Momah suggested that the best way to ensure that healthcare teams are informed about and engaged with COVID-19 vaccination is to provide ongoing training and education on vaccine administration and updates to guidelines, as well as clear communication, to ensure a consistent, positive approach to vaccination across all functions in the healthcare setting. In addition, redefining roles and delegating tasks can help to address vaccine fatigue in HCPs and ancillary staff. Gravenstein stated that HCPs need to improve vaccine acceptance in patient-facing personnel and ensure that the whole healthcare team speaks with a common voice. This is particularly important in nursing homes, Gravenstein noted, where the conviction of the staff about the benefits of vaccination can translate into an increased likelihood of vaccine uptake by their residents.
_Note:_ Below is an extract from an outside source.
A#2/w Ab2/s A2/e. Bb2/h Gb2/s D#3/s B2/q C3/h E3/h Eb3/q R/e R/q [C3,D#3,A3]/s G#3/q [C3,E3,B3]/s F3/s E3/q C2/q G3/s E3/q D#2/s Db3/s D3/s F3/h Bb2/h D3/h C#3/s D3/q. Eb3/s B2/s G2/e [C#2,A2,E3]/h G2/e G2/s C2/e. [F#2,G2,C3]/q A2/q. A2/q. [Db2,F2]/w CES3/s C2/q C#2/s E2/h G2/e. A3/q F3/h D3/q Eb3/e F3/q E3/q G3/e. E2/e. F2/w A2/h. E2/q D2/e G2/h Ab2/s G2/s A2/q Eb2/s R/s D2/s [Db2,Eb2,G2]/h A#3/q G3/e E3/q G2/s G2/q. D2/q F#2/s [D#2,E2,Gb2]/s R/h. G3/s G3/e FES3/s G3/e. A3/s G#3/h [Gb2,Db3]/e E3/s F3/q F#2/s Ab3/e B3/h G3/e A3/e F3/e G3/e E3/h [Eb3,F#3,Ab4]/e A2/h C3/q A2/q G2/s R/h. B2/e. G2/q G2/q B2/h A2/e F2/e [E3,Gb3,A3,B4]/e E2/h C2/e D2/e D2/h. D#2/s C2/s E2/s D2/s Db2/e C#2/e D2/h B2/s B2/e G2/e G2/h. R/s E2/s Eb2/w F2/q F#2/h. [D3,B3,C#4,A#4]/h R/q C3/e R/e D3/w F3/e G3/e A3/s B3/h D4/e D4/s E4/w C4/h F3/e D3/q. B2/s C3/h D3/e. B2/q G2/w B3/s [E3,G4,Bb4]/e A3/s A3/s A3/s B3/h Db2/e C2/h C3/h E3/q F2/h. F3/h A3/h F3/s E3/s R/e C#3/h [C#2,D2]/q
Challenges at Point-of-Care for the Healthcare Professionals and their Team

Momah emphasised that HCPs must keep themselves up to date about any changes to COVID-19 vaccine recommendations to ensure that they make informed decisions on vaccination and can continue to provide optimal care and vaccine education for their patients. Furthermore, Momah underscored that managing vaccination scheduling, documentation, monitoring side effects, and reporting to the state registry creates a heavy, time-consuming workload for HCPs. Providers may decide to delegate certain tasks. The challenge then is to choose who to delegate to and their level of involvement.

In Gravenstein’s opinion, there are three major challenges for HCPs at point-of-care: deciding which vaccine to stock, anticipating the vaccine demand, and tracking who has been vaccinated and who is due for vaccination. In Rhode Island, where Gravenstein is based, some of the financial risk associated with vaccine purchase is taken by the state authority, which purchases the COVID-19 vaccine and ships it to physicians’ offices, so HCPs do not have to absorb the cost of unused doses. Most states do not have this arrangement, which means that providers may choose not to supply vaccines and instead advise their patients to get vaccinated at a pharmacy. Gravenstein explained that tracking who has received COVID-19 vaccine is difficult because there is no universal pattern, with some people getting the vaccine as soon as it is available while others delay vaccination because of a recent COVID-19 infection or other reasons. Gravenstein indicated that it is easier to vaccinate in a precise way if vaccine administration is documented properly.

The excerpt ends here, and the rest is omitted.